Governor: Hurricane Ian took Lee, Collier counties off the grid; FEMA assistance program is activated; storm damage guidelines listed
At a briefing this morning at the State Emergency Operations Center governor Ron DeSantis said Lee & Collier Counties are basically off the grid and it’s going to take more than reconnecting lines to restore power to many people but is more of an infrastructure issue at this point.
He said more than 100 portable cell towers are being deployed in southwest Florida so cell service remains intermittent across the region.
The state has deployed more than 100 engineers to begin checking the structural integrity of bridges before they can re-open. The Sanibel Causeway and Pine Island Bridge both sustained serious damage and will remain impassible indefinitely.
FEMA PROGRAM ACTIVATED
FEMA has activated its individual assistance program…call 1-800-621-262 or go to FEMA.gov to register. The program provides financial and direct services to eligible individuals and households affected by a disaster, who have uninsured or underinsured necessary expenses and serious needs.
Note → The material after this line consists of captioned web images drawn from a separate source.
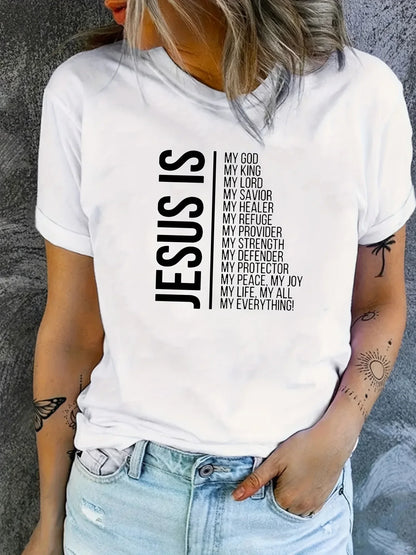 T-shirt Femmes imprimé  "Jésus est la foi" haut décontracté à manches courtes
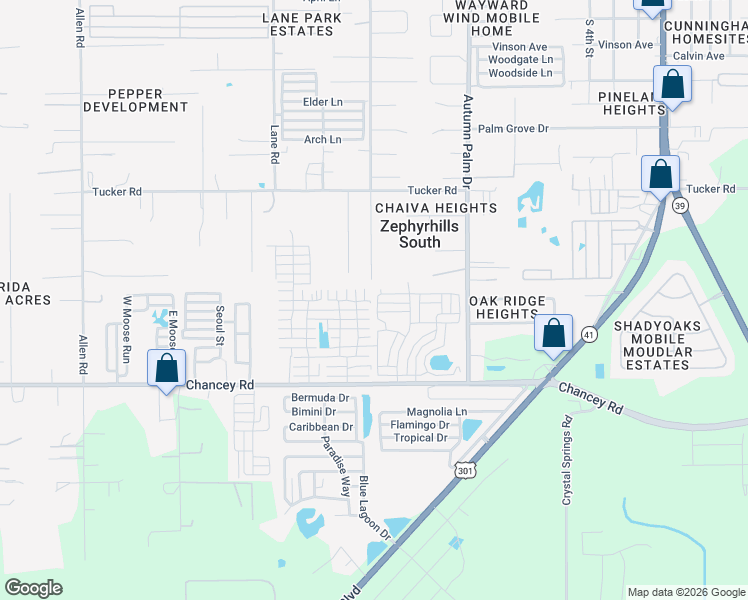 map of restaurants, bars, coffee shops, grocery stores, and more near 3745 Court Street in Zephyrhills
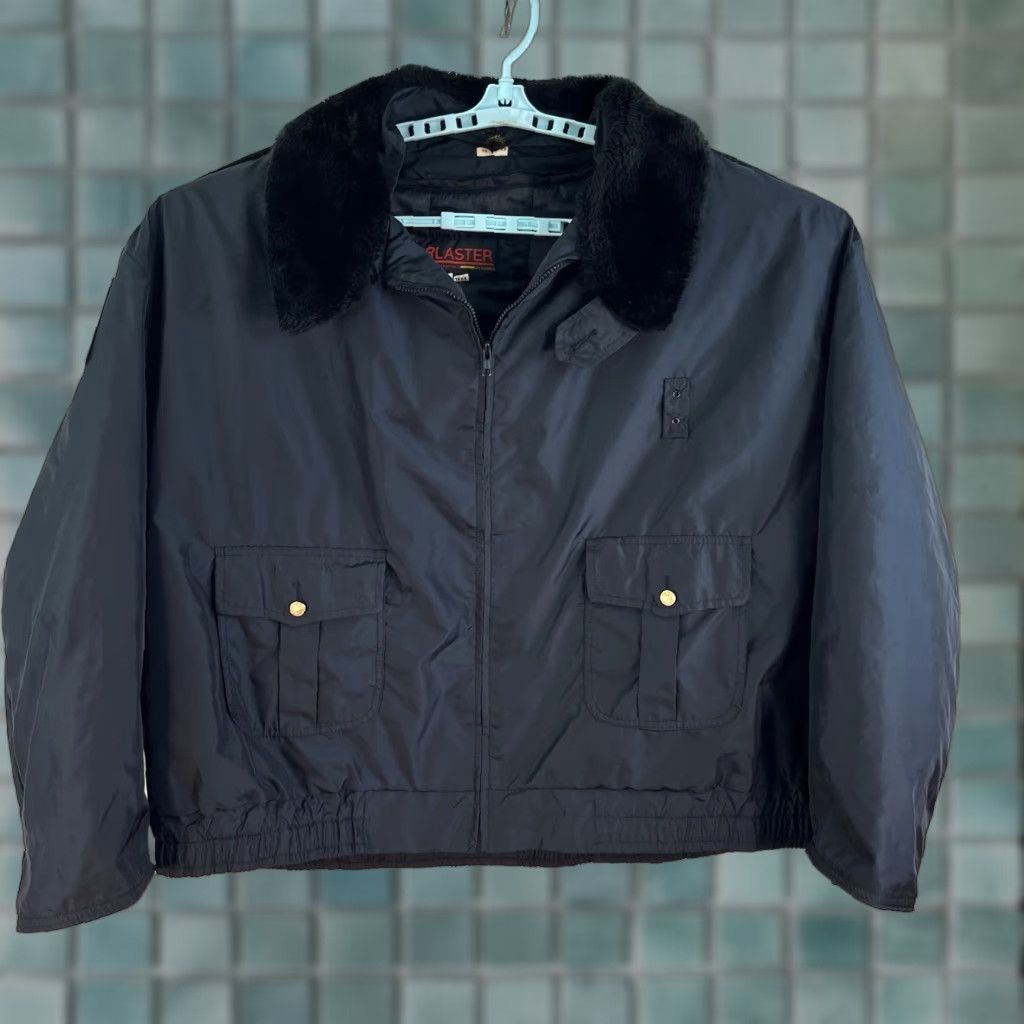 Vintage VINTAGE Bomber Jacket Black Full Zip Removable Lining 3XL Men’s Shawl Collar Fur Trim 90s Style Size US XXL / EU 58 / 5 - 1 Thumbnail
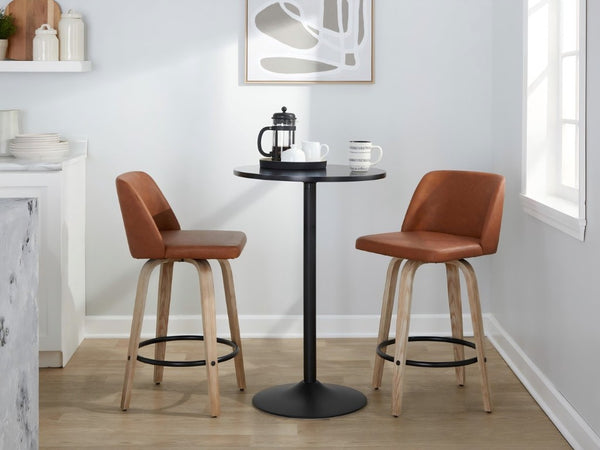 English Elm 26 Inch Swivel Counterstools with Bentwood Base Grey Upholstery and Metal Footrest Set Camel - B Faux Leather B202S02449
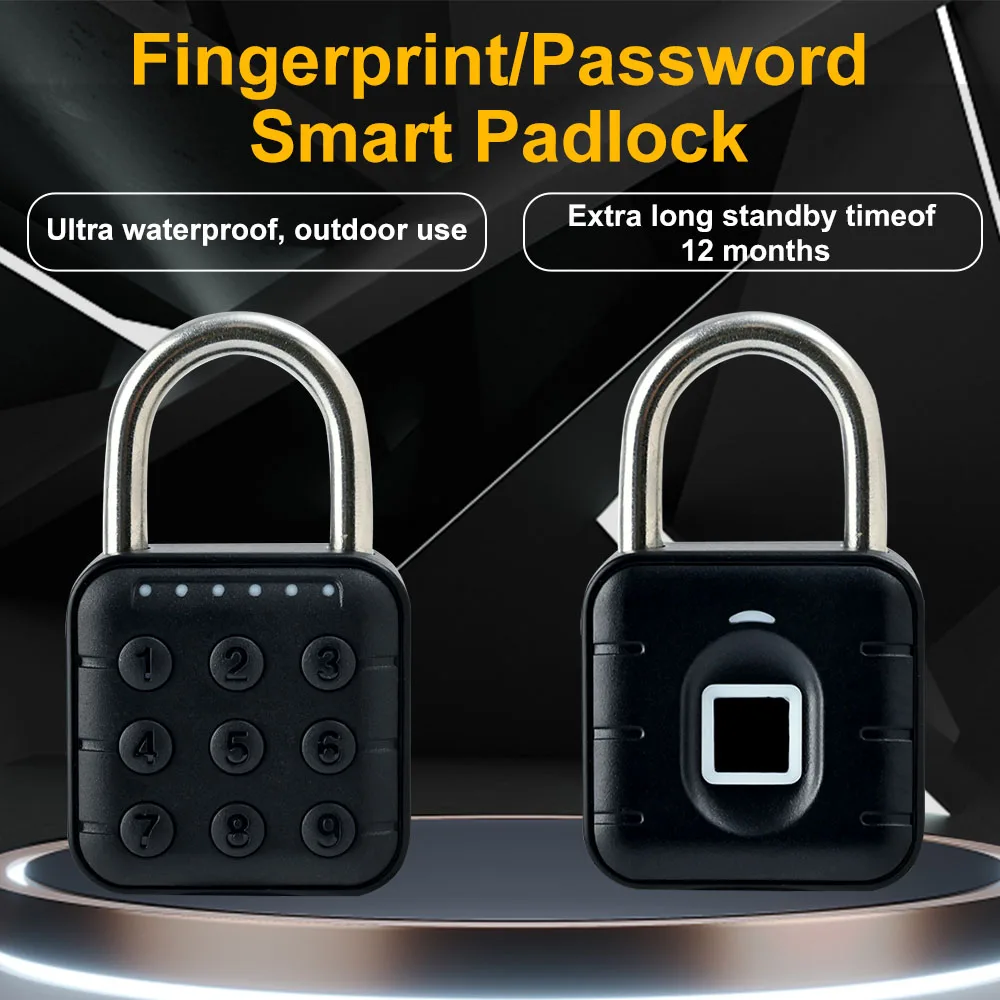 Waterproof Password Padlock 6 Digits Code 10 Group Smart Fingerprint Lock Zinc Alloy Suitcase For Luggage Travel Code Anti-theft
Florida Division of Emergency Management director, Kevin Guthrie, said they had already received more than 15000 inputs from people who are sheltering in place to the states shelter in place system.
If you need help register at floridadisaster.org/report.
Storm Damage Guidelines
If your home has sustained damage due to storms, follow these guidelines from the Charlotte County Community Development Department.
- Carefully assess the damage to your home and take pictures.
- Call your insurance agent.
- Prevent further damage by carefully tarping the roof and boarding up windows. (no permit required)
- If the home has sustained structural damage, contact licensed and insured contractors to provide multiple estimates for repairing the damage.
- Research contractors by calling the Building Department’s Contractor Licensing Division 941- 743-1201 and reviewing the state website, www.myfloridalicense.com
- If the home was deemed unsafe by the building department, collect your valuables and seek a temporary place to stay until permits are obtained, and repairs are made to make the home safe again.
- If the home is located in a flood zone and the cost to repair or improve the home exceeds 50% of the building value (excluding land value), the home will need to be elevated to the current base flood elevation. The cost of previously permitted repairs and improvements within the last 12 months will be included to the cumulative total when calculating the costs. The building value can be determined from the County Property Appraiser or a private individual appraisal.
- Should you choose to demolish all or a portion of the home, a building permit will be required.
- Engineered plans will be required when obtaining a building permit for structural repairs to foundations, walls, ceilings, rafters, and trusses.
- If only replacing windows and doors, a simple floorplan sketch with Florida product approvals from the supplier would be required for the building permit.
- If replacing only the roof covering (shingles, metal, tile) a permit can be obtained online or over the counter by a contractor.
- An owner may obtain an owner/builder permit if the home is owned in their personal name (no corporation, LLC or business name). The home cannot be currently rented and cannot be rented or leased within 12 months of the permit closing. Manufactured home owners on leased land do qualify.
- If an owner/builder permit is obtained, you must sign an affidavit stating you will abide by the applicable laws and provide supervision of all work. Anyone hired that is not licensed must be your employee with FICA payroll deductions and proper workers compensation insurance.
- Avoid a contractor that asks you to obtain an owner/builder permit for them to do the job. They most likely not licensed or insured.
- Read construction contracts carefully and seek legal consultation.
- Avoid paying contractors in cash and keep all receipts.
- If a deposit of more than 10% is given, the contractor is bound by Florida law to apply for the permits within 30 days and begin work within 90 days of permit issuance, unless mutually agreed to longer time in writing.
- Request copies of lien waivers from the contractor to show that subcontractors and suppliers have been paid.
- Do not pay the final installment until all work is complete and the final inspection has been made by the building department.
Monitor the progress of the building permit and inspections on the Charlotte County Citizen Access Portal: www.charlottecountyfl.gov. Call 941-743-1201 with any questions.